=====================================================
Level 14: Dataset Pruning
=====================================================


Datumaro support prune feature to extract representative subset of dataset. The pruned dataset allows us to examine the trade-off between
accuracy and convergence time when training on a reduced data sample. By selecting a subset of instances that captures the essential patterns
and characteristics of the data, we aim to evaluate the impact of dataset size on model performance.

More detailed descriptions about pruning are given by :doc:`Prune <../../command-reference/context_free/prune>`
The Python example for the usage of pruning is described in :doc:`here <../../jupyter_notebook_examples/notebooks/17_data_pruning>`.


.. tab-set::

    .. tab-item:: Python

        With Python API, we can prune dataset as below

        .. code-block:: python

            from datumaro.components.dataset import Dataset
            from datumaro.components.environment import Environment
            from datumaro.componenets.prune import prune

            data_path = '/path/to/data'

            env = Environment()
            detected_formats = env.detect_dataset(data_path)

            dataset = Dataset.import_from(data_path, detected_formats[0])

            prune = Prune(dataset, cluster_method='<how/to/prune/dataset>')

            result = prune.get_pruned(ratio='<how/much/to/prune/dataset>')

        We can choose the desired method as ``<how/to/prune/dataset>`` among the provided ones. The default value is ``random``.
        Additionally, we can specify how much of the dataset we want to retain by providing a float value between 0 and 1 for the ``<how/much/to/prune/dataset>`` parameter. The default value is 0.5.

    .. tab-item:: CLI

        Without the project declaration, we can simply ``prune`` dataset by

        .. code-block:: bash

            datum prune <target> -m METHOD -r RATIO -h HASH_TYPE

        We could use ``--overwrite`` instead of setting ``-o/--output-dir``.
        We can choose the desired method as ``METHOD`` among the provided ones. The default value is ``random``.
        Additionally, we can specify how much of the dataset we want to retain by providing a float value between 0 and 1 for the ``RATIO`` parameter.

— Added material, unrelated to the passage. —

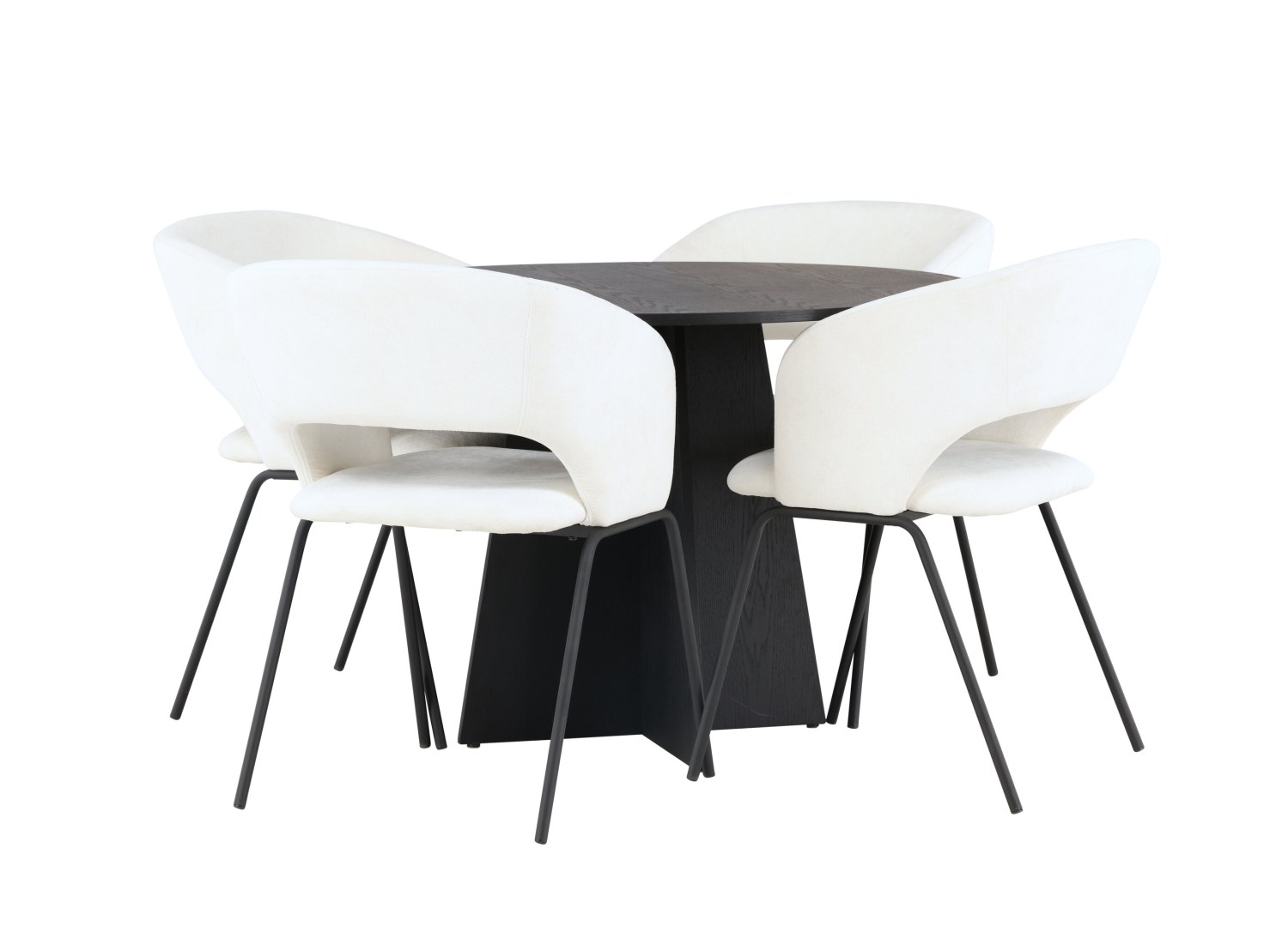Détail produit de l’ensemble repas Bootcut et 4 chaises Day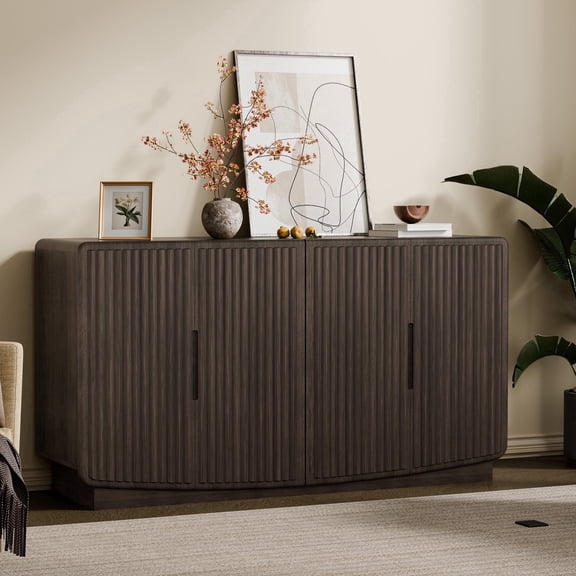 TOPCOMFY 55-Inch Buffet Cabinet with Storage Modern Accent Sideboard with Doors and Shelves Media Console Coffee Bar for Living Room Kitchen Hallway Natural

The default value is 0.5.


    .. tab-item:: ProjectCLI

        With the project-based CLI, we first require to ``create`` a project by

        .. code-block:: bash

            datum project create --output-dir <path/to/project>

        We now ``import`` data into project through

        .. code-block:: bash

            datum project import --project <path/to/project> <path/to/data>

        We can ``prune`` dataset

        .. code-block:: bash

            datum prune -m METHOD -r RATIO -h HASH_TYPE -p <path/to/project>

        We can choose the desired method as ``METHOD`` among the provided ones. The default value is ``random``.
        Additionally, we can specify how much of the dataset we want to retain by providing a float value between 0 and 1 for the ``RATIO`` parameter. The default value is 0.5.